| > an entire class of argument [...] mostly vanish if the underlying data model in the de facto standard was rich enough to support the actual work of software development. Interesting idea. You think we could develop a unified data model that covers source code, static files, documentation, project management and community management as a single unified thing? That’s certainly ambitious, and I’d love to see it. For the moment it seem that Git has won for source code (in a pretty crowded field) because just that part was hard and it was a big improvement. The collaboration tools it includes, mostly around email, appear to be inadequate for most projects. So now we see a healthy ecosystem that adds rich collaboration on top of / next to Git. > no widely used DVCS is actually distributed in practice I think this is due to economic and social factors rather than technical ones. Fully distributing a Git repo is very doable, but harder to think about than the Github model. Plus you have all the normal P2P problems around who’s online and how good their connection is. > tooling around version control is subject to platform monopolization Again, I think this is simply the social network effect more than anything else. Making a website for your project let’s people find it, use it, and contribute to it. The bar to entry is lowered further if it’s a common platform, where people already have accounts and know how it works, and where they can get a consolidated view of all their activity. Centralized hosting makes even more sense as projects grow and you only want a subset of the code on any given development machine. Eventually big monorepos preset serious scaling challenges. Still... I completely agree that it would be awesome to have a more self-sovereign computing architecture writ large. I’m just pessimistic we can get there from here. |
Realistically, not exactly, given how much space some of those things cover.
I do think that entities like code review are as much a part of the history of a project as the deltas to code. Reviews not being first-class objects in the VCS itself has turned out to be a crack into which you can wedge an entire GitHub.
I won't claim I know where best to draw the line here. Better handling of large static files by default and a robust way to model relationships between projects obviously belong within the VCS. On the other hand, relationships modeled in issue tracking systems and the like are also part of the software's history, but past some level of complexity it gets much harder to imagine wedging them into something that you can pass around like you clone a Git repo.
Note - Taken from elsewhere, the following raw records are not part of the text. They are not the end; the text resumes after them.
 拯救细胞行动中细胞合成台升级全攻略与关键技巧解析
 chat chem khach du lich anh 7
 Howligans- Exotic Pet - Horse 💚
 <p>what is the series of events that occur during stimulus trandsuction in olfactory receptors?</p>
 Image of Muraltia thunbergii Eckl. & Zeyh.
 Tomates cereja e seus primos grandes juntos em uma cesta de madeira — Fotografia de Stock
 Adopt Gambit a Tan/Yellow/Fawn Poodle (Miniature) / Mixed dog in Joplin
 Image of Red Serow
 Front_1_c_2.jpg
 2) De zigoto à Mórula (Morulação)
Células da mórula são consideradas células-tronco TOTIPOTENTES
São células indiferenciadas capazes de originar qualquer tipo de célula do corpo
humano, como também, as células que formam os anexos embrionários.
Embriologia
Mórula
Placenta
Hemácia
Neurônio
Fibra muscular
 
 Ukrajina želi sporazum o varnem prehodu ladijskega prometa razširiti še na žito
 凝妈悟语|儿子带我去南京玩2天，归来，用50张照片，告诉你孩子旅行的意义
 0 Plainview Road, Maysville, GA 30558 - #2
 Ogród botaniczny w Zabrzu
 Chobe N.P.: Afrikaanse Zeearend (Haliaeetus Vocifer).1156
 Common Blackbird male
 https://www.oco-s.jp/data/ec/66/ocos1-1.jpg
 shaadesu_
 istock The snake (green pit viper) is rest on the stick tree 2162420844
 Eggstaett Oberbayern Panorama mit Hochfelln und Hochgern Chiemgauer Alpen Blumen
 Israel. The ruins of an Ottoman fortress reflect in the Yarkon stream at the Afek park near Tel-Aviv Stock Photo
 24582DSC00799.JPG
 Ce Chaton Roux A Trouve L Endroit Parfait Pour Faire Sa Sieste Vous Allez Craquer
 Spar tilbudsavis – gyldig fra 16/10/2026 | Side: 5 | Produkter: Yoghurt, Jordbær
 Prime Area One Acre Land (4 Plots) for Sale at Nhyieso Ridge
All I can really say for sure is that it feels broken that all of this stuff lives in competing application silos.
(As a sidebar: Not that you can't jam things like review data into git-as-data-store. Gerrit does just that. But nobody's going to mistake that for a usable interface to code review.)
Anyhow, I don't think you're wrong about the social & economic factors, but I think a different landscape with less concentration of power could have shaken out if (for example) easy code review had been baked in and host-agnostic early on. Fully p2p architectures aren't feasible, or even necessarily desirable, for a lot of problems - but it shouldn't be too much to ask that things are able to be federated and resistant to capture by a single vendor.
> Still... I completely agree that it would be awesome to have a more self-sovereign computing architecture writ large. I’m just pessimistic we can get there from here.
Yeah, fair enough. I am myself boundlessly pessimistic about the future of computing generally.